Task description
Write out all of the records below precisely as given, omitting the images.

Items from a dataset:
━━━━━━━━━━━━━━━━━━━━━━━━━━━━━━
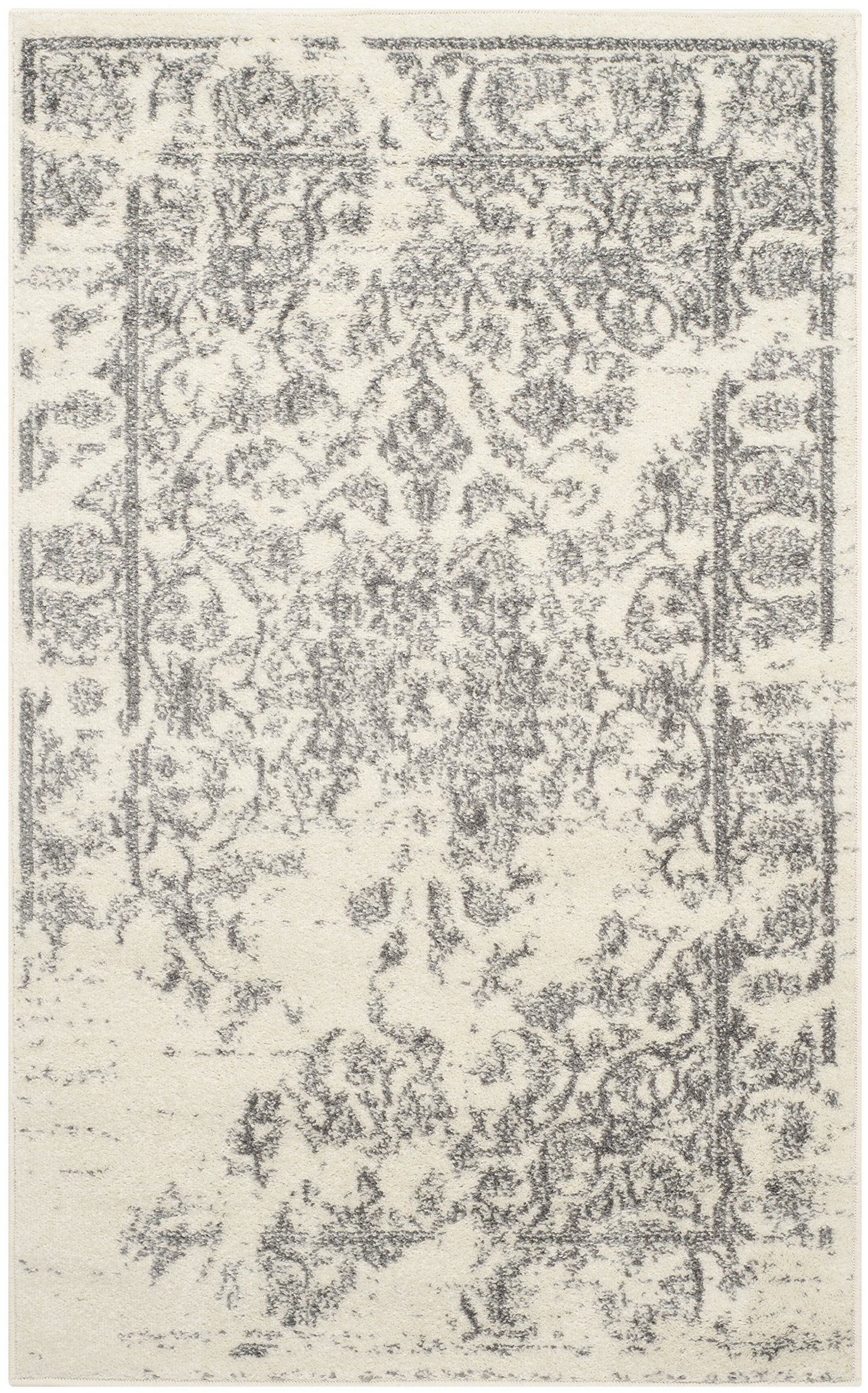 SAFAVIEH Adirondack Collection Accent Rug - 3' x 5', Ivory & Silver, Oriental Distressed Design, Non-Shedding & Easy Care, Ideal for High Traffic Areas in Entryway, Living Room, Bedroom (ADR101B)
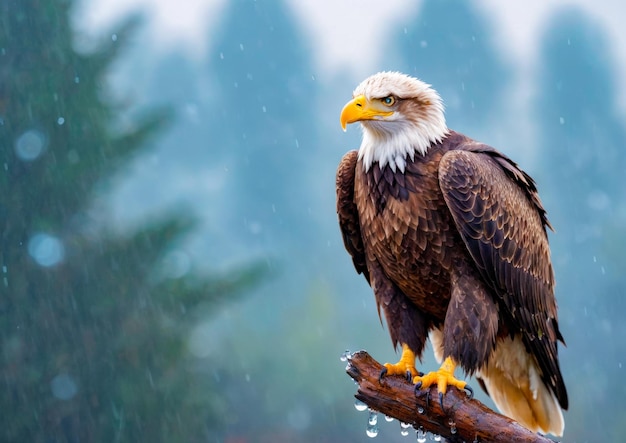 Majestic Eagle Portrait with Blurred Background Bald Eagle Standing in Rain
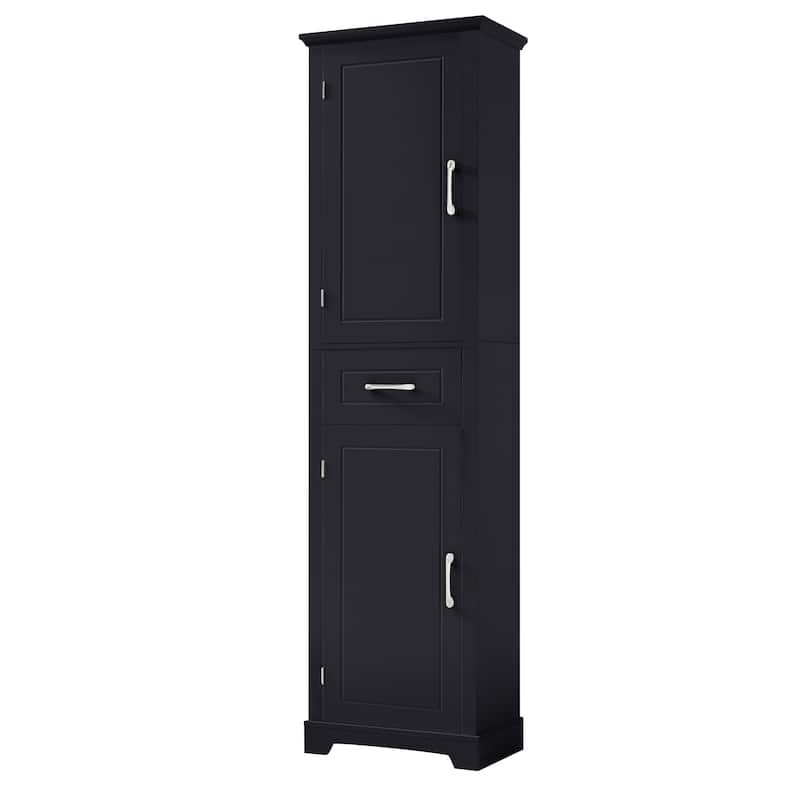 GDF Studio - Peter Modern MDF Tall Bathroom Storage Cabinet with Adjustable Shelves and Two Doors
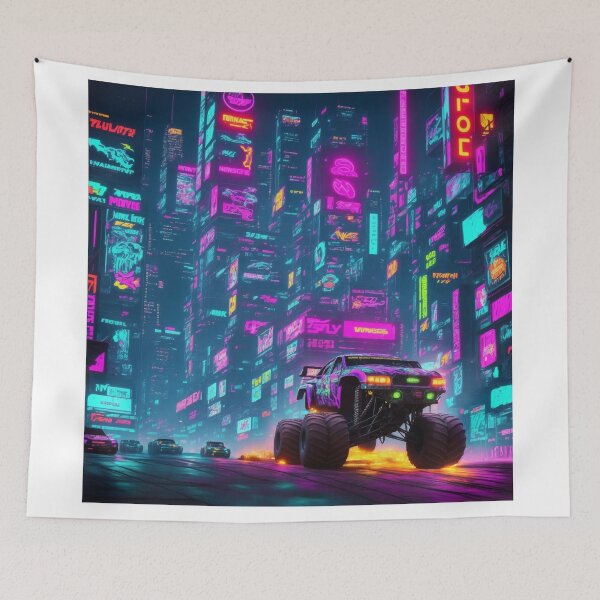 Item preview, Futuristic Fury: Brace yourself for an epic showdown as a monster truck battles through a cyberpunk metropolis. designed and sold by RedArtG09.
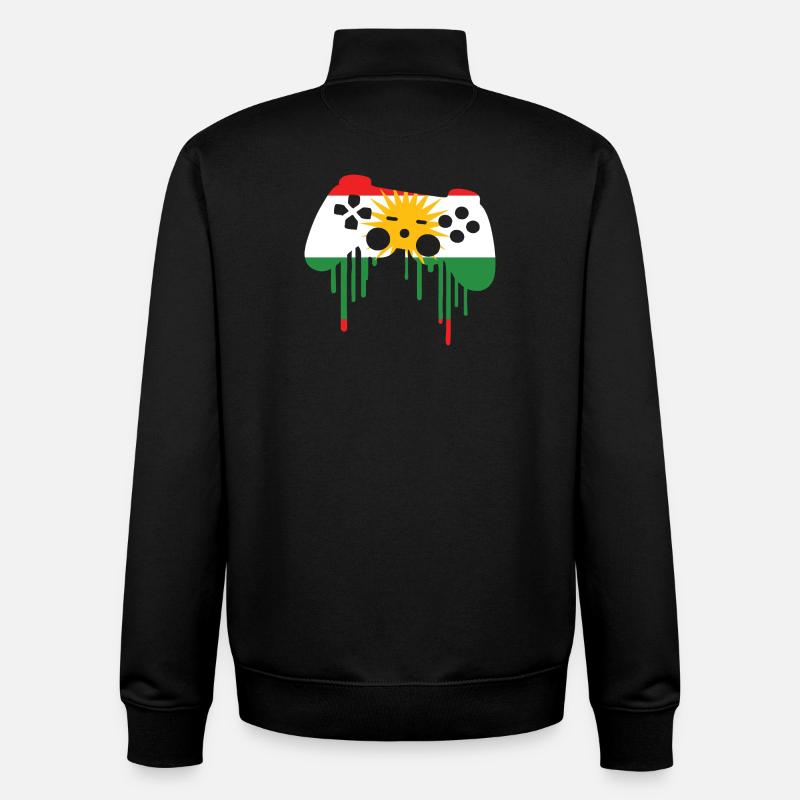 Drapeau de jeu kurde - Sweat zippé unisexe en coton bio Stanley/Stella - noir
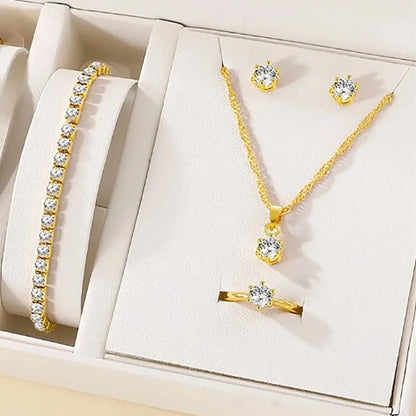Parure de bijoux élégante en cristal 5 pièces, collier, bracelet, boucles d'oreilles et bague en zircone, parure de bijoux simple, tendance et polyvalente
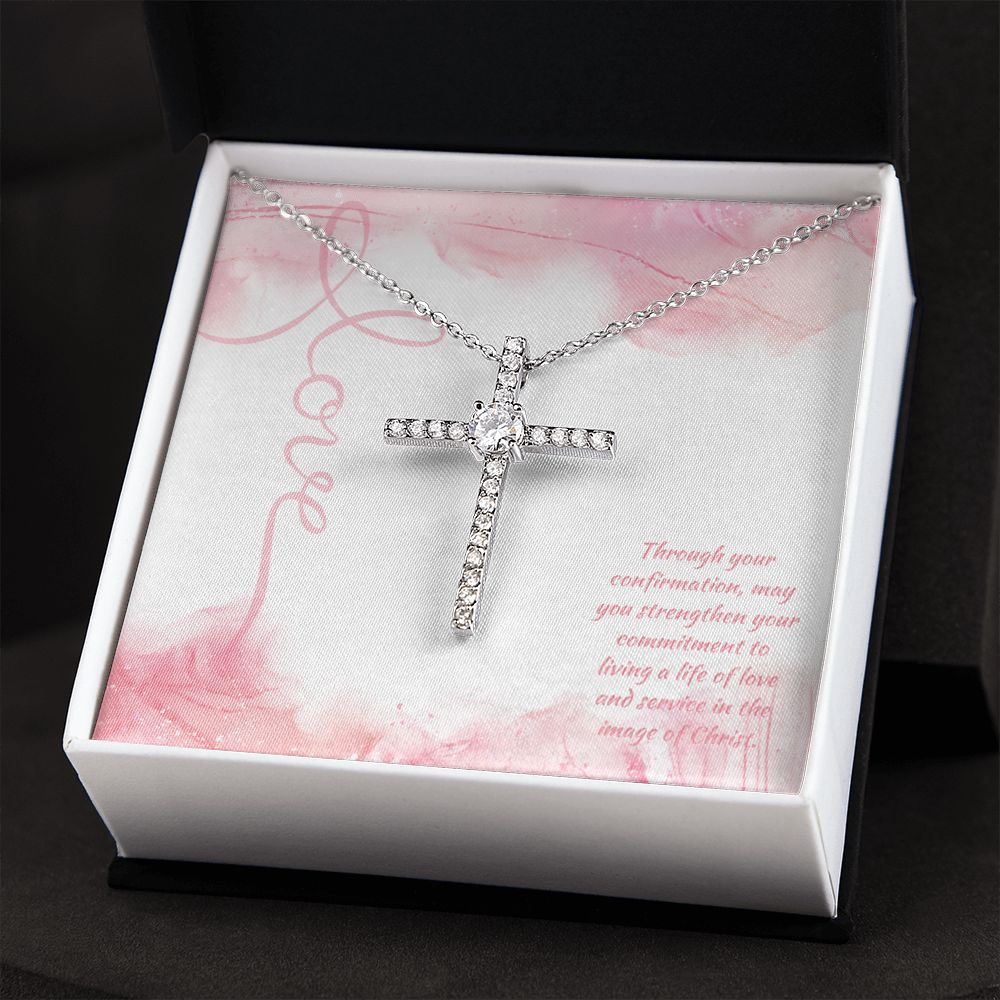 Through Your Confirmation, May You Strengthen Your Commitment - CZ Cross Necklace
━━━━━━━━━━━━━━━━━━━━━━━━━━━━━━
Task solution
 SAFAVIEH Adirondack Collection Accent Rug - 3' x 5', Ivory & Silver, Oriental Distressed Design, Non-Shedding & Easy Care, Ideal for High Traffic Areas in Entryway, Living Room, Bedroom (ADR101B)
 Majestic Eagle Portrait with Blurred Background Bald Eagle Standing in Rain
 GDF Studio - Peter Modern MDF Tall Bathroom Storage Cabinet with Adjustable Shelves and Two Doors
 Item preview, Futuristic Fury: Brace yourself for an epic showdown as a monster truck battles through a cyberpunk metropolis. designed and sold by RedArtG09.
 Drapeau de jeu kurde - Sweat zippé unisexe en coton bio Stanley/Stella - noir
Parure de bijoux élégante en cristal 5 pièces, collier, bracelet, boucles d'oreilles et bague en zircone, parure de bijoux simple, tendance et polyvalente
 Through Your Confirmation, May You Strengthen Your Commitment - CZ Cross Necklace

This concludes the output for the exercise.